It was the study objective to determine whether glycaemic control affects the extent of platelet inhibition by
thienopyridines as assessed by
vasodilator-stimulated phosphoprotein flow cytometry (VASP-FCT) in patients with
diabetes mellitus (DM) undergoing
percutaneous coronary intervention (PCI) during
acute coronary syndrome (ACS). Although the proportion of high on-treatment residual platelet reactivity is higher in DM, the contributions of glycaemic control and other factors associated with DM, such as excess
body weight and
inflammation, to this impaired platelet inhibition by
thienopyridines have not yet been fully characterised. In this study, the extent of P2Y12
ADP receptor pathway inhibition was evaluated by the VASP-FCT. Platelet activation was expressed as the platelet reactivity index (PRI). Low response to
clopidogrel (LR) was defined as a PRI of >61%. Four hundred forty-five consecutive ACS patients (DM = 160, NDM = 285) were enrolled. The proportion of LR was higher in DM patients (50 vs. 37.5%). In DM, PRI was not correlated with glycosylated haemoglobin (HbA1c) or glycaemia.
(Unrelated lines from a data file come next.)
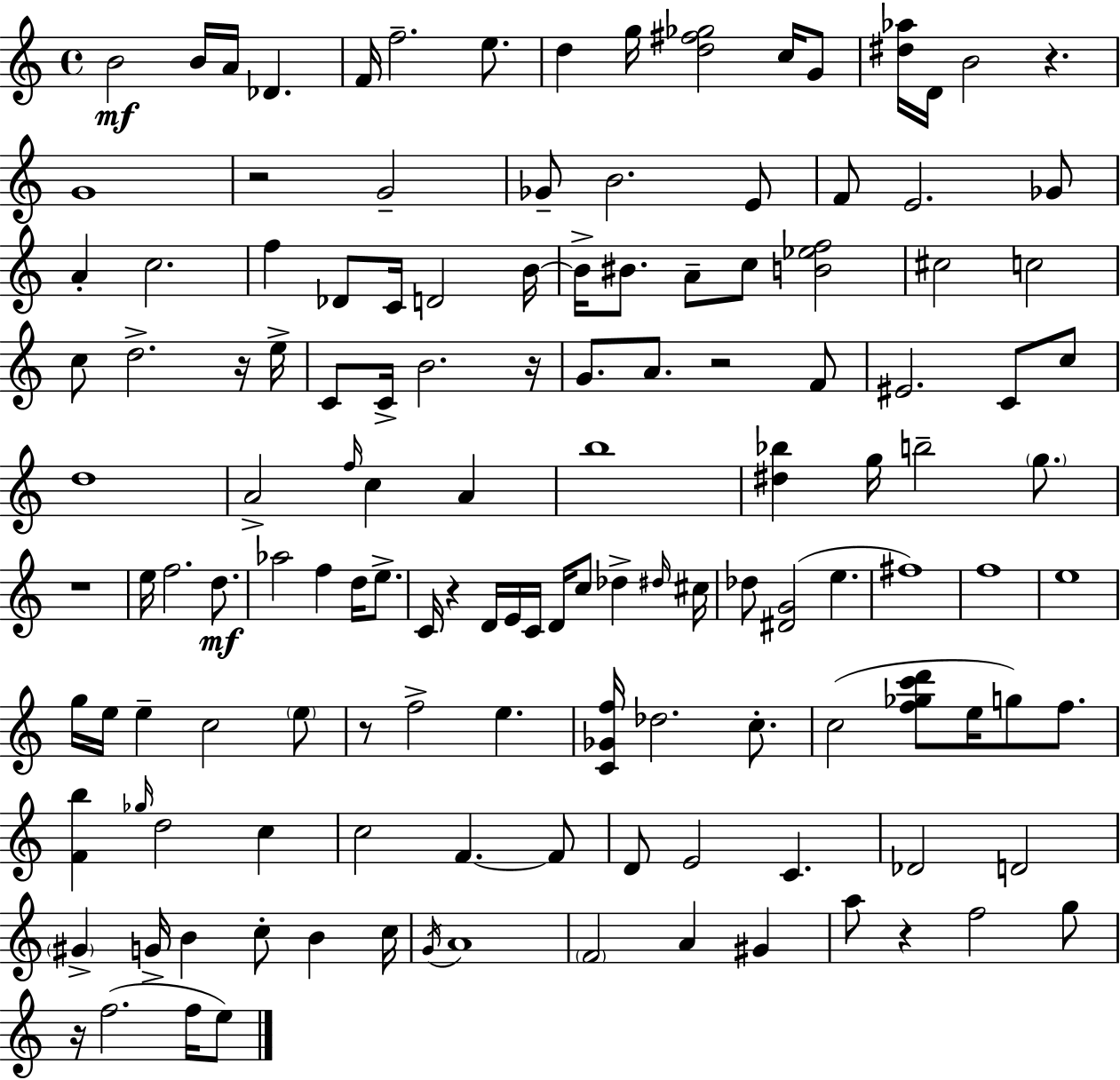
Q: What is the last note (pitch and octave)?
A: E5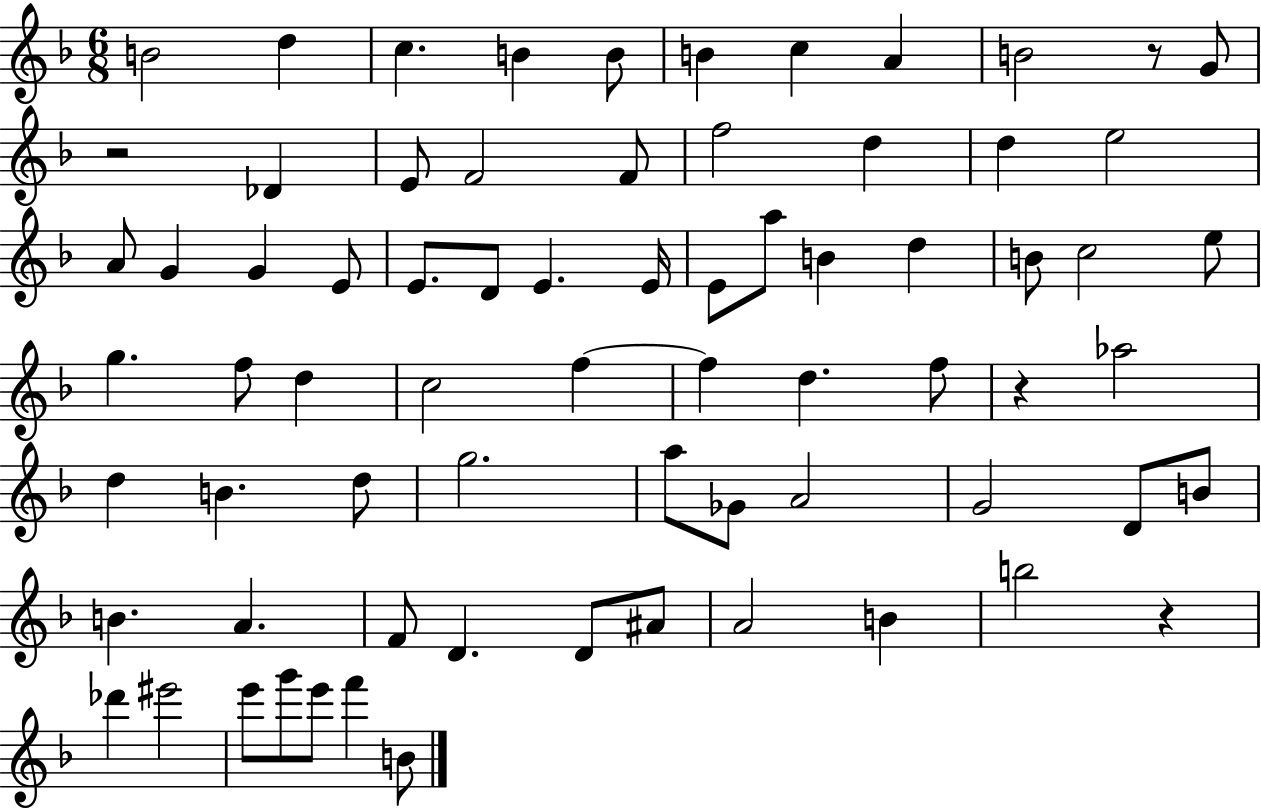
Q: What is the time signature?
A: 6/8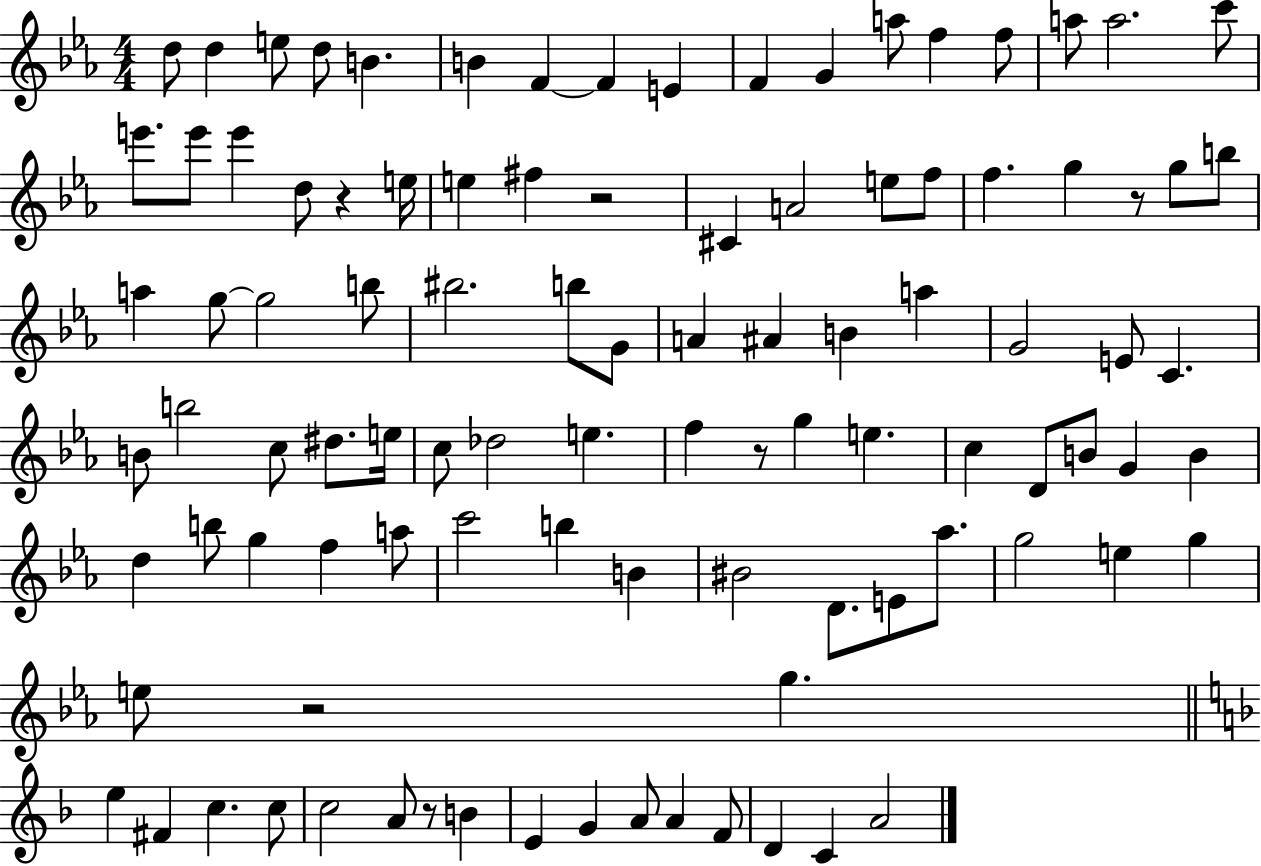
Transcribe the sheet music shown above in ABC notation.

X:1
T:Untitled
M:4/4
L:1/4
K:Eb
d/2 d e/2 d/2 B B F F E F G a/2 f f/2 a/2 a2 c'/2 e'/2 e'/2 e' d/2 z e/4 e ^f z2 ^C A2 e/2 f/2 f g z/2 g/2 b/2 a g/2 g2 b/2 ^b2 b/2 G/2 A ^A B a G2 E/2 C B/2 b2 c/2 ^d/2 e/4 c/2 _d2 e f z/2 g e c D/2 B/2 G B d b/2 g f a/2 c'2 b B ^B2 D/2 E/2 _a/2 g2 e g e/2 z2 g e ^F c c/2 c2 A/2 z/2 B E G A/2 A F/2 D C A2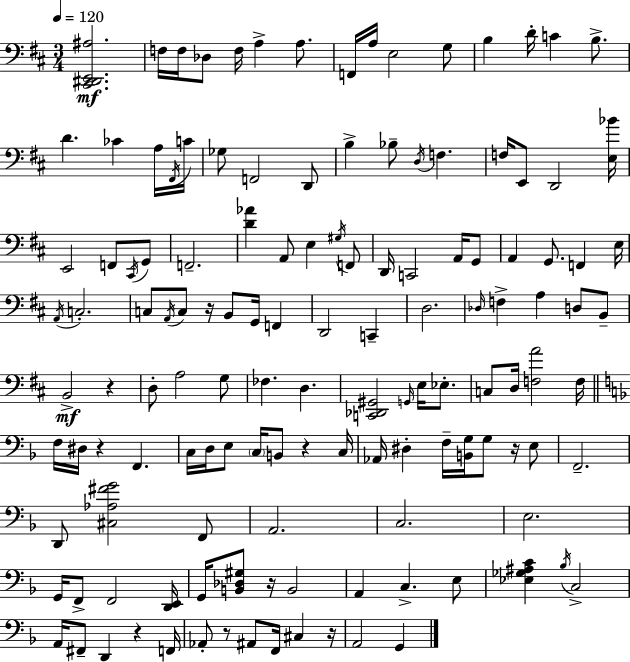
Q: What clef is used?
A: bass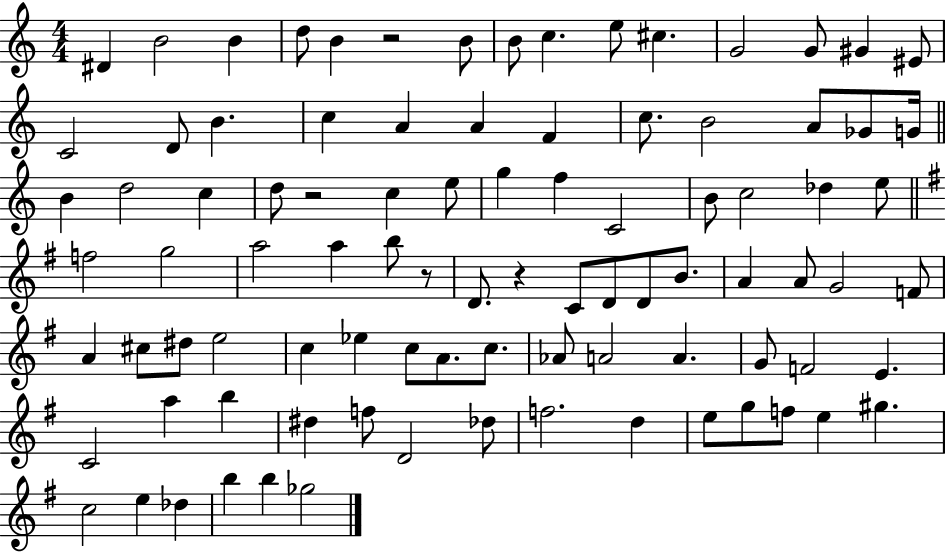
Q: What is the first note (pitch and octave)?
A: D#4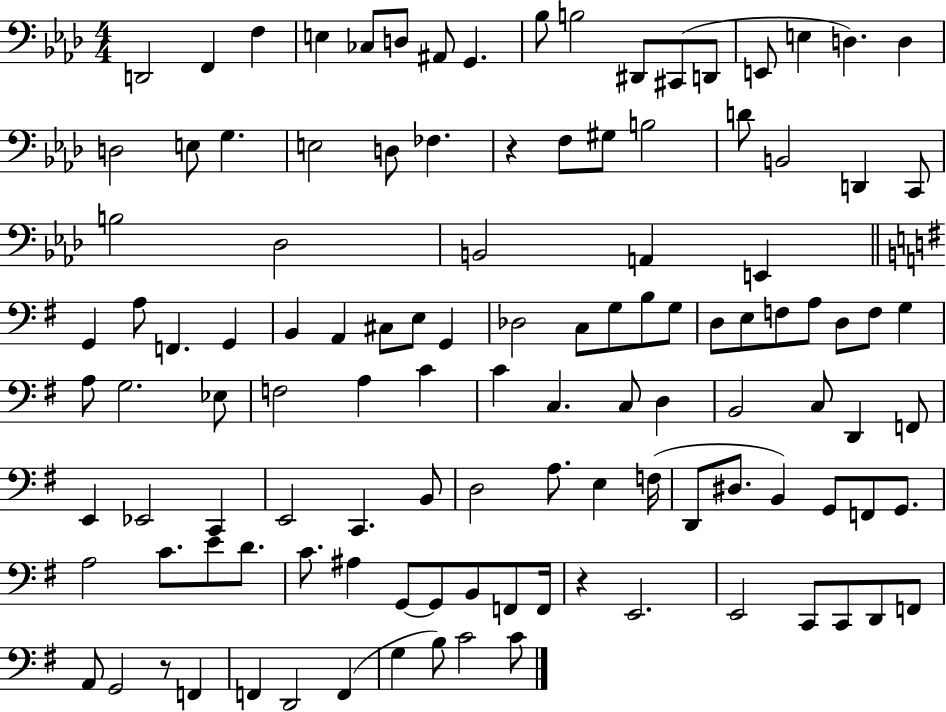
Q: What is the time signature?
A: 4/4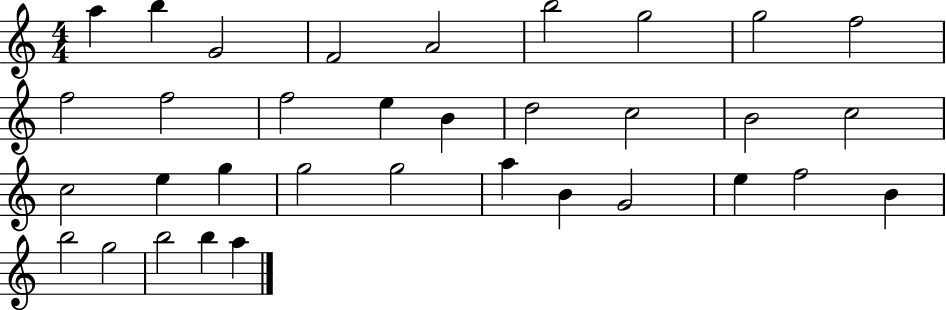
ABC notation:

X:1
T:Untitled
M:4/4
L:1/4
K:C
a b G2 F2 A2 b2 g2 g2 f2 f2 f2 f2 e B d2 c2 B2 c2 c2 e g g2 g2 a B G2 e f2 B b2 g2 b2 b a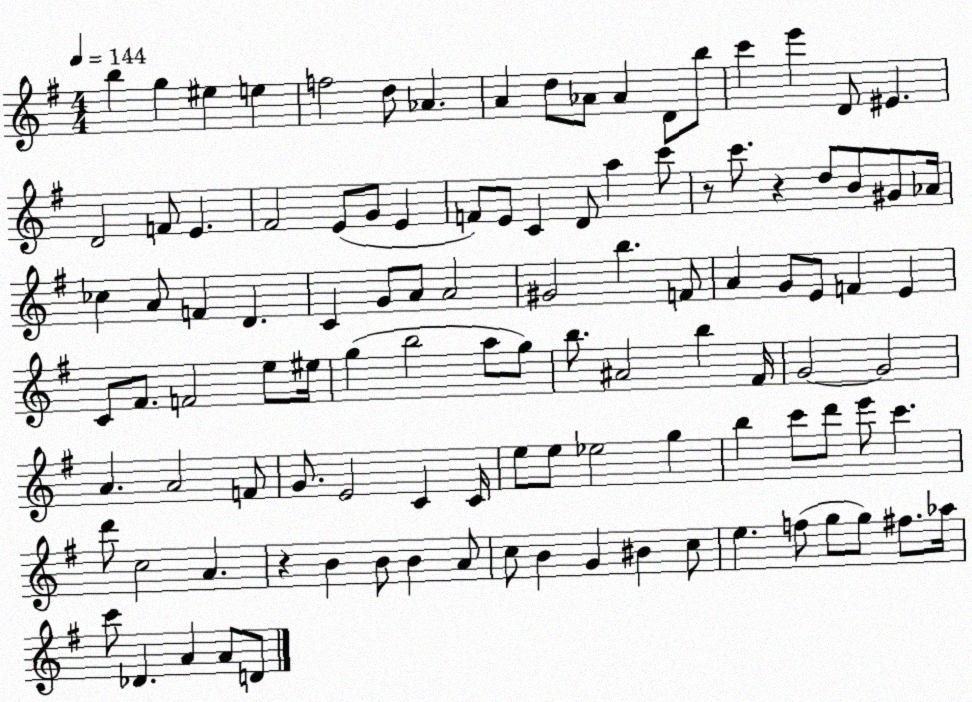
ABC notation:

X:1
T:Untitled
M:4/4
L:1/4
K:G
b g ^e e f2 d/2 _A A d/2 _A/2 _A D/2 b/2 c' e' D/2 ^E D2 F/2 E ^F2 E/2 G/2 E F/2 E/2 C D/2 a c'/2 z/2 c'/2 z d/2 B/2 ^G/2 _A/4 _c A/2 F D C G/2 A/2 A2 ^G2 b F/2 A G/2 E/2 F E C/2 ^F/2 F2 e/2 ^e/4 g b2 a/2 g/2 b/2 ^A2 b ^F/4 G2 G2 A A2 F/2 G/2 E2 C C/4 e/2 e/2 _e2 g b c'/2 d'/2 e'/2 c' d'/2 c2 A z B B/2 B A/2 c/2 B G ^B c/2 e f/2 g/2 g/2 ^f/2 _a/4 c'/2 _D A A/2 D/2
In a univariate analysis, LR was associated with age, male sex,
overweight, and white blood cell count (WBC). In a multivariate analysis, WBC >10,000 and
body weight >80 kg were the sole independent predictors of LR to
clopidogrel (hazard ratio (HR) 3.02 [1.36-6.68], p=0.006 and HR 2.47 [1.14-5.35], p = 0.021, respectively). Conversely, in non-DM patients,
ST-elevation myocardial infarction was the sole independent predictor of LR. In conclusion, in ACS DM patients undergoing PCI, the extent of P2Y12 inhibition by
clopidogrel is not related to glycaemic control but is related to
body weight and inflammatory status as assessed by the WBC.